Auf diese Aussprüche beschränkt hat der Leiter der Justizvollzugsanstalt form- und fristgerecht "Rechtsbeschwerde" eingelegt und diese in gleicher Weise mit der Sachrüge begründet. Das Rechtsmittel ist - soweit es sich gegen Ziffer 19 richtet - gemäß §§ 120 I StVollzG, 300 StPO als Beschwerde auszulegen (vgl. nachfolgend II).
I.
Die Rechtsbeschwerde erfüllt die besonderen Zulässigkeitsvoraussetzungen des § 116 I StVollzG. Denn die Überprüfung der angefochtenen Entscheidung ist, soweit sie beim Senat angefallen ist, sowohl zur Sicherung einer einheitlichen Rechtsprechung als auch zur Fortbildung des Rechts erforderlich.

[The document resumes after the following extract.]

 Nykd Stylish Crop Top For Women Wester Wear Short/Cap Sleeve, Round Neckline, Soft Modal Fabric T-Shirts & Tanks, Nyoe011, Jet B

Das Rechtsmittel hat nur zum geringen Teil Erfolg.
Die Kammer hat die Anträge Ziffer 2, 7, 8, 11,12,17 zutreffend als vorbeugende Unterlassungsbegehren ausgelegt, die wegen Wiederholungsgefahr zulässig sind . Diese Gefahr ergibt sich schon daraus, dass die Kontrollpraxis durch die Anstalt als rechtlich zulässig verteidigt wird . Ob die Anstalt darüber hinaus an dieser Praxis trotz entgegen stehender Eilanordnungen der Kammer festgehalten hat, worauf diese im angefochtenen Beschluss maßgeblich abhebt, kann mithin dahin stehen. Die Fortsetzungsfeststellungsanträge sind - soweit sie beim Senat angefallen sind - aus dem gleichen Grunde, nämlich Bestehen von Wiederholungsgefahr, zulässig.
Die Anträge erweisen sich nach Überprüfung des angefochtenen Beschlusses durch das Rechtsbeschwerdegericht auf sachlich-rechtliche Fehler auch - bezüglich des Unterlassungsbegehrens allerdings nur in dem aus dem Tenor ersichtlichen Umfange - als begründet.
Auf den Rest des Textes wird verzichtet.